### ACTIVITY
Pictures in the entries below are excluded; copy only the lines from the one containing "Caja de arena" to the one containing "Hollow-knit cardigan two-piece set", both included.

### RECORDS SUPPLIED

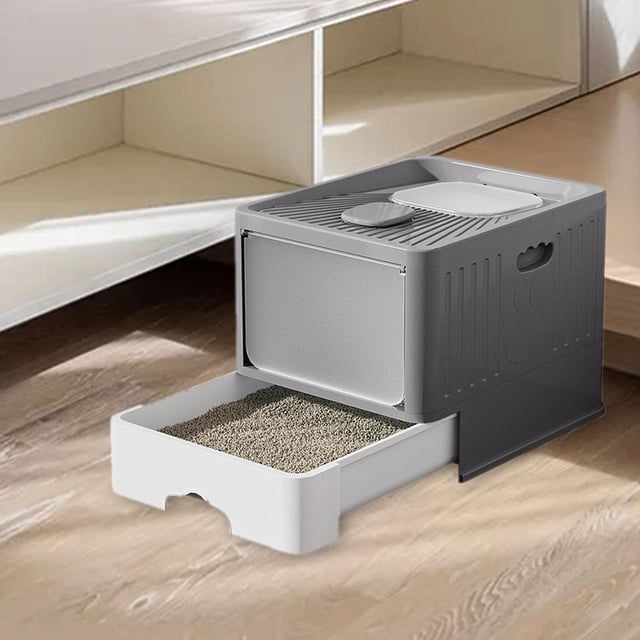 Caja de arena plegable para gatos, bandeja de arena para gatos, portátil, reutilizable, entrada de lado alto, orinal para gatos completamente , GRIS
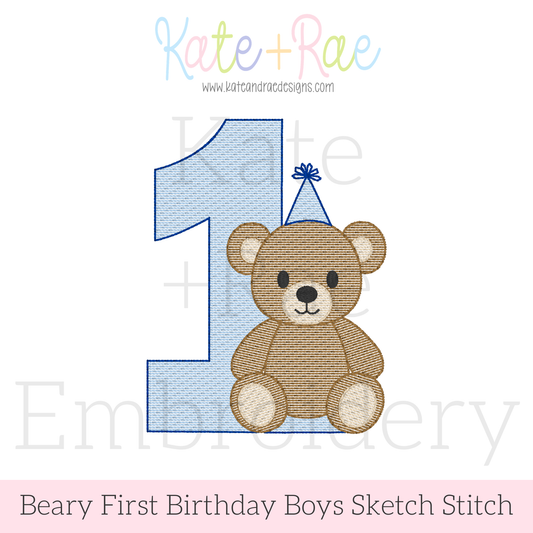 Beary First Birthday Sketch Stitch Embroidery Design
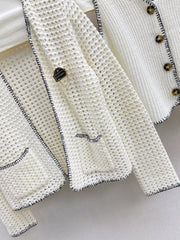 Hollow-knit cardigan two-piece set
==
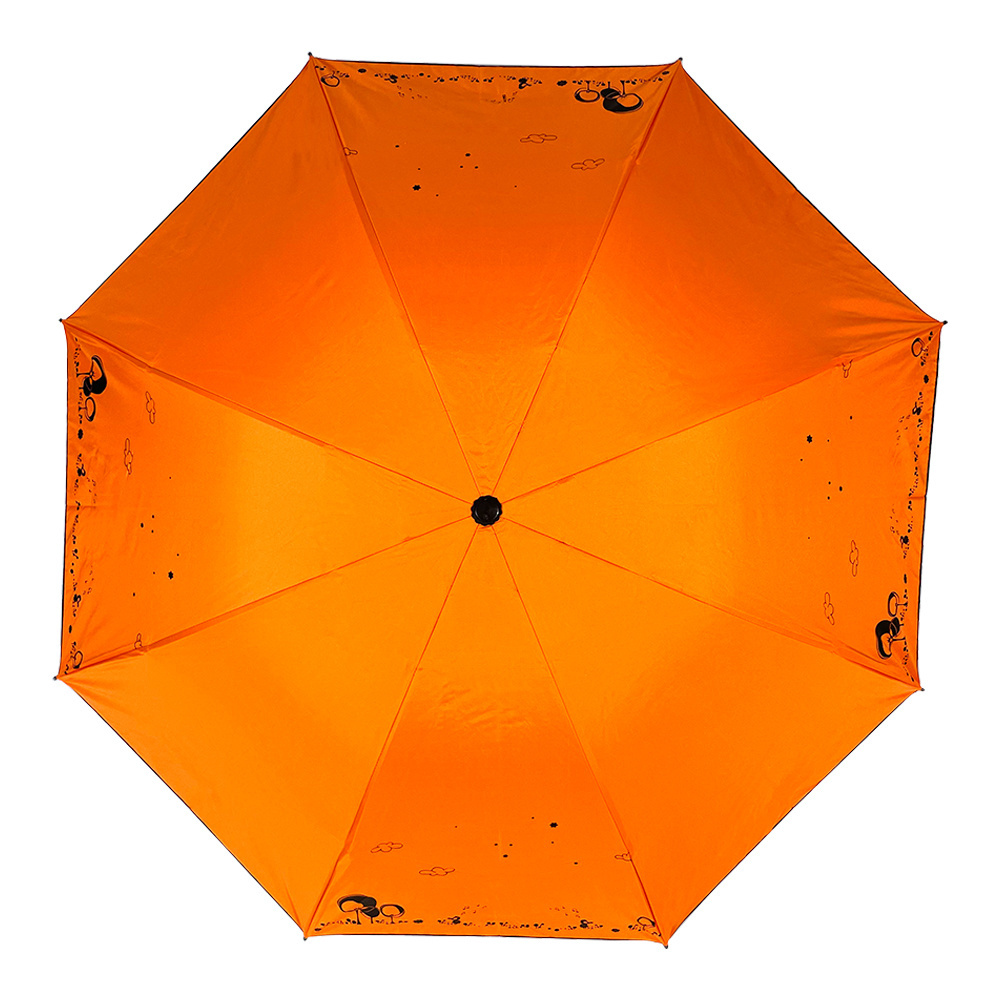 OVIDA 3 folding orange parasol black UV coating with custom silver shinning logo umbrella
---
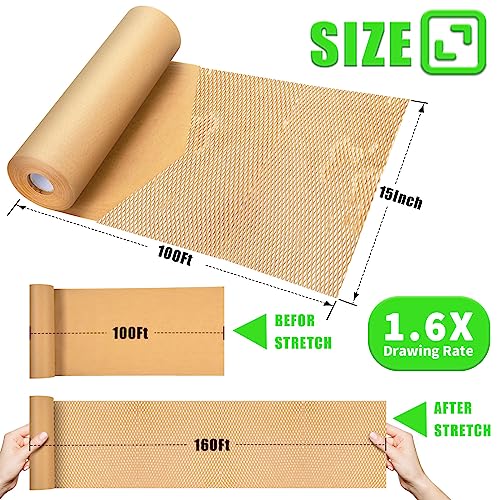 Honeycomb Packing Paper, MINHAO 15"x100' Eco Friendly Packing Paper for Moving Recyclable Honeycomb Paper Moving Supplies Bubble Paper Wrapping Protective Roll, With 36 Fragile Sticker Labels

### ANSWER
 Caja de arena plegable para gatos, bandeja de arena para gatos, portátil, reutilizable, entrada de lado alto, orinal para gatos completamente , GRIS
 Beary First Birthday Sketch Stitch Embroidery Design
 Hollow-knit cardigan two-piece set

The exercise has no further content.